3. Exports – 20 billion
There have been many reports of the 10 billion dollar barrier crossed by Sri Lanka but a point to note is that Vietnam and Bangladesh were both at two billion dollars in 1990 together with Sri Lanka. Today Vietnam is at 100 billion plus and Bangladesh closing on 50 billion. We have to become 20 billion by 2020.
The focused industries that may be featured might be the software sector, tea, apparel, cinnamon and gems and jewellery to name a few. Whilst focusing on the SME sector, for a quick-win, large organisations will have to be targeted for support so that we cross the magical mark.
4. Atchchuvely – a reality
By end of December 2014 there has to be something very significant from an economic sense in Jaffna. Atchchuvely Industrial Zone being featured will propel the overall attitude to business in the conflict-driven marginalised business sector of Jaffna for a typical viewer. This must not be confined to traditional industries but also large companies. This will give a positive rub-off to the diaspora that keeps attacking Sri Lanka.
5. PPP – infrastructure
It will do a world of good if we can have some large conglomerates being featured on the news reports on a successful partnership with the Government on infrastructure development. This could be the development of highways, waste management or for that matter sewerage and maybe road development.
6. People ownership
We have to accept that governments around the world have not been successful in driving business. We must ensure that at least the key industries such as LPG gas, SriLankan Airlines, etc., are privatised so that we give the give the correct vibes globally when Sri Lanka is Googled.
7. Tea – new policy
The first privatisation asset of the country was the plantations sector. A colossal 1.5 billion loss-making industry has been made viable by the strong leadership of the private sector. One of the key recommendations of the 10-man committee appointed by the President in 2008 was to increasing of the lease period to cover two cycles of bush life and hence to 66 years. This needs to become a reality soon so that Sri Lanka is featured as a country that is serious on developing the agricultural sector, which is linked to lower earning households of Sri Lanka.
8. SMEs – drive harder
Let’s accept it, the backbone of Sri Lanka’s economy is the Small and Medium Enterprises (SMEs).
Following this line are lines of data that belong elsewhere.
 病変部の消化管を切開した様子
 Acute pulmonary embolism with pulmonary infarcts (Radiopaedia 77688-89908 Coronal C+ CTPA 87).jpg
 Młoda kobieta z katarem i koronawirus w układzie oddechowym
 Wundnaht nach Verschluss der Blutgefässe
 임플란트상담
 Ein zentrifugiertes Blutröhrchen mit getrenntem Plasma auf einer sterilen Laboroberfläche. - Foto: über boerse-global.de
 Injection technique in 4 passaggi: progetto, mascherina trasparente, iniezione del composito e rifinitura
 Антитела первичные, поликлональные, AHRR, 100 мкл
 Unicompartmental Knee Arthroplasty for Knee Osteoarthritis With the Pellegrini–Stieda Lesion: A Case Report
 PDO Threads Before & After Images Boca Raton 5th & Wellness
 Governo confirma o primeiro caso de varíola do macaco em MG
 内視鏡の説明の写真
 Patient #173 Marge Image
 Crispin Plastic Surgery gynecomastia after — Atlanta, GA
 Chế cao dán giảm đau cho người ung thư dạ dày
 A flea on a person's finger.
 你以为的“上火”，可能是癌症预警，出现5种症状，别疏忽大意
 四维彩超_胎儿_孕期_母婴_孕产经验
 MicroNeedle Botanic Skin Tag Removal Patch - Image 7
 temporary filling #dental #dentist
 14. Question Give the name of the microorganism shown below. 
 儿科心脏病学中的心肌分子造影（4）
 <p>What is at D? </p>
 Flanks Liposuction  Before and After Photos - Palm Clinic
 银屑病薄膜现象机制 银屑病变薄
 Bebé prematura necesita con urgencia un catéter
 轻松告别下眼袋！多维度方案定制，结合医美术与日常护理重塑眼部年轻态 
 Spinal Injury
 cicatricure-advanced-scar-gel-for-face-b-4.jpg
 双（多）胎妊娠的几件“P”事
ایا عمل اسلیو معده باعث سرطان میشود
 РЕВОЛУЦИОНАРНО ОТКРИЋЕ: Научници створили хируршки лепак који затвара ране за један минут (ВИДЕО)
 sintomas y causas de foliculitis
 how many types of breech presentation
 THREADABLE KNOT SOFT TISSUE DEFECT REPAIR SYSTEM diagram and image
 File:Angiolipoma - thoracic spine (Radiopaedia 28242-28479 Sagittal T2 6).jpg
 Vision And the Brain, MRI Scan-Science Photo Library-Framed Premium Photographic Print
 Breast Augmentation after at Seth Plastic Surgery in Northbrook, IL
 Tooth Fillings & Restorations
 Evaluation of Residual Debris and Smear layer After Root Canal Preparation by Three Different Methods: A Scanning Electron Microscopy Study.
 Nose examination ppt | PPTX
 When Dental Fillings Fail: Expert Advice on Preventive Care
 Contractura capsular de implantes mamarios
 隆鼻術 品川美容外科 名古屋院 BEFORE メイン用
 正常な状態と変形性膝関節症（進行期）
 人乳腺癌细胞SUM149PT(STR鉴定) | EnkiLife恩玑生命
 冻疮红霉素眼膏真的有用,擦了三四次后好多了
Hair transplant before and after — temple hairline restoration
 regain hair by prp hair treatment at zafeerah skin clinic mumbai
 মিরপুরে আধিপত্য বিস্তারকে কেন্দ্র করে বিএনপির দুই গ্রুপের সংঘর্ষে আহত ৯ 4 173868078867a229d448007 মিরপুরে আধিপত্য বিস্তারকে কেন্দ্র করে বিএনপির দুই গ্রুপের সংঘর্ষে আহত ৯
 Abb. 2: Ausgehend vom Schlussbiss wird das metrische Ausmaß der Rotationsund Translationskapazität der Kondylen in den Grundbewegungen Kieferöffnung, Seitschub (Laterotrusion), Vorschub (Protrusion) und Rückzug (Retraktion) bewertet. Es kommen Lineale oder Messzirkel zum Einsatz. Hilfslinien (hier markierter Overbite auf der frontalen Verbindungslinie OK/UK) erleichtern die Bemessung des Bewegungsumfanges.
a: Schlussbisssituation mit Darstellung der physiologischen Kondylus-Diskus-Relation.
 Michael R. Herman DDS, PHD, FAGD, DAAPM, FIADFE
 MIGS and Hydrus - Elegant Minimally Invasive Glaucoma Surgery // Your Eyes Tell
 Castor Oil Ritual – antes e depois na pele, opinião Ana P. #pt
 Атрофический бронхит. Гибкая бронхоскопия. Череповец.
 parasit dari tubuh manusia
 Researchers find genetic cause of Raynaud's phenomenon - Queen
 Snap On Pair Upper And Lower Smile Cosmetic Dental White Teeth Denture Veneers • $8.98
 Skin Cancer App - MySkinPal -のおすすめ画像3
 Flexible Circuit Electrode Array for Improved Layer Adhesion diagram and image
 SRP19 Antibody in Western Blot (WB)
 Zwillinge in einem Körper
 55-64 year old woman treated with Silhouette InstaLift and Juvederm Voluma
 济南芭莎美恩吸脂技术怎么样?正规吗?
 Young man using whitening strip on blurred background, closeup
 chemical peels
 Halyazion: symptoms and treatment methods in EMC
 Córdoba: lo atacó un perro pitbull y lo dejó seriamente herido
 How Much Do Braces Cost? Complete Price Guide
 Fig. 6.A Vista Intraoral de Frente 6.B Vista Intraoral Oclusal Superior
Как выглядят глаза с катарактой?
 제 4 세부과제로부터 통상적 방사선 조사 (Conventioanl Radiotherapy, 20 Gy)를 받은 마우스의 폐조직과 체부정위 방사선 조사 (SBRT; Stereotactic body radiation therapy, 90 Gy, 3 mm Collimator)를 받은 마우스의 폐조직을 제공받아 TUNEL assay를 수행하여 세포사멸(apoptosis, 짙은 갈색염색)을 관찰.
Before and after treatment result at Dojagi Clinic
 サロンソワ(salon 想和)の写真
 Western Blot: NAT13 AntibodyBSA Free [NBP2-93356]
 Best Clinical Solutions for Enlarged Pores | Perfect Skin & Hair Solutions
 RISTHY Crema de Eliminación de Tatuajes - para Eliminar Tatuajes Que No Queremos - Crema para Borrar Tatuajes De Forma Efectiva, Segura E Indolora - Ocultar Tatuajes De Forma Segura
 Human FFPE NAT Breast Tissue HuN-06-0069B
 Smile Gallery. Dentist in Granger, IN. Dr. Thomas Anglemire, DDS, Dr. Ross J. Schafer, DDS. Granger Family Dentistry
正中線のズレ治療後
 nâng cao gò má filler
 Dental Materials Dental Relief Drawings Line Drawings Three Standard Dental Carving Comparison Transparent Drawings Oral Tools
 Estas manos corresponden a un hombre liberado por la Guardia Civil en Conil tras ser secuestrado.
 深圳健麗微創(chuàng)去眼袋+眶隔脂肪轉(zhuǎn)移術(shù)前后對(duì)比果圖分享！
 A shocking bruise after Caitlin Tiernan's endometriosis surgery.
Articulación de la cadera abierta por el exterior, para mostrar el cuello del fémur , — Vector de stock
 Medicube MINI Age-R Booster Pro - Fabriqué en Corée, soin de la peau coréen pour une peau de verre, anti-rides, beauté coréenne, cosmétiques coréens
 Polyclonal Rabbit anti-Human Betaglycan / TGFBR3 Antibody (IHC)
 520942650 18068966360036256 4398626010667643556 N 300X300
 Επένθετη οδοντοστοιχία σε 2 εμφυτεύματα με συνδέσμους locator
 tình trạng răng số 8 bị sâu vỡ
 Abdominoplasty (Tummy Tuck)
It is paramount that we have the new SME policy activated by the end of 2011 so that we can unleash the true potential of the country. The good news is that the white paper is ready and if this can be firmed up and linked to developmental agenda of the industrial estates so that Sri Lanka will be seen as a model country in the development drive of the SME sector. This must be further strengthened in the ‘Mahinda Chinthana – Idiri Dekma’ is my view.
9. Hubs – focus
In the recent past, many of us have been involved in forums in sketching out the ‘hub status’ on different sectors. At least by end of next year it’s important that one of them takes shape in form or structure so that we visually demonstrate a key identity for a Sri Lanka. The new thinking is that we must focus on one or two and make it big given the resource crunch.
10. FTA – link to the world
Operationalising the FTA with China by next year must be a high priority task so that it becomes the vehicle that tells the world that Sri Lanka is seen to be bridging the linkages to the rest of the world. This can be a demonstratable action so that the rest such as the EU can follow suit, which will hit the global websites of the world.
Whilst we can be proud that peace has come to Sri Lanka and we have driven ourselves to make the best of it, we must be conscious of the way the world perceives us given that we live in a connected world.
(The thoughts expressed by the author are purely his own views and are not reflective of the office he holds in the public, private or the international civil service.)